There are now two levels of checks: Standard,

which shows all prior convictions, and Enhanced, which includes all convictions, cautions, reprimands, warnings and - crucially - dropped charges.

All teachers have to undergo an enhanced check, in which they must provide four pieces of identification to ensure the system picks up all previous identities.

A Home Office spokesman said: "It is very comprehensive. The enhanced check is incredibly detailed. Every single thing that you need to find out about an individual is there."

But it is not compulsory for local authorities to run the enhanced check on caretakers, meaning that someone like Huntley with a previous charge of rape against them could still get a job working in a school.

Mr Curtis said: "It is a matter for the police what soft intelligence they disclose to us.

"Had the soft intelligence we now know exists on Huntley been made available to us, technically we would not have been allowed to use it to dismiss him. That's the problem.

"This is something that the Home Office has got to deal with. There is a real dichotomy here between data protection and human rights and child protection."

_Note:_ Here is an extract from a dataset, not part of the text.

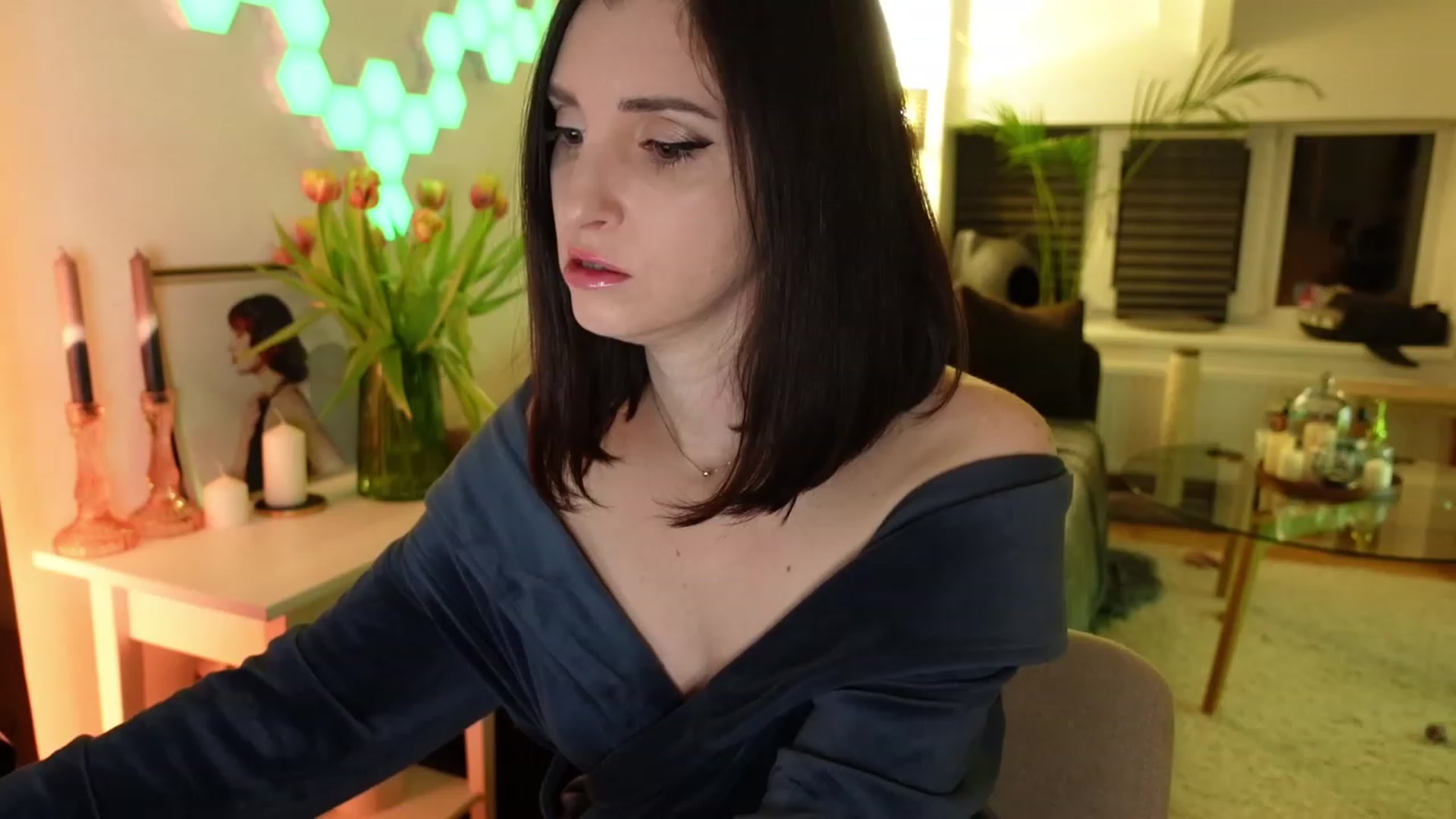 Gallery image thumbnail from Maddie's myfreecams stream on, 03/13/2024, 02:12 image 4 of 20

Mr Gilbert said: "The short answer is that had I known then what I know now about Huntley, he would have gone straightway. If that information had been available, I would never have taken a risk.

"But there's a longer answer. The problem is that technically you cannot speak to the employee about soft intelligence and you cannot act on it. It's there for your information only.

"Nevertheless, given the scale of the intelligence we now have on Huntley, it would have been difficult to imagine him staying in school.

"I would have had to get rid of him and I would have done. But I would have been in breach of employment legislation.

"In Huntley's case, it is so extreme that any head would have said goodbye. You couldn't have anybody with that background. It's probably more in the greyer areas in the middle where heads would need to use their discretion.

"If a system could be set up to allow heads to use soft information, start a dialogue with the candidate and use their judgment, that would solve the problem."

Kerry Cleary, from the National Society for the Prevention of Cruelty to Children, said the CRB checks should not be regarded as a foolproof indicator of whether people were suitable to work with young people.

"People look at the CRB as a guide to say that if they are clear, they must be fine to work with children and that is just not the case at all," she said.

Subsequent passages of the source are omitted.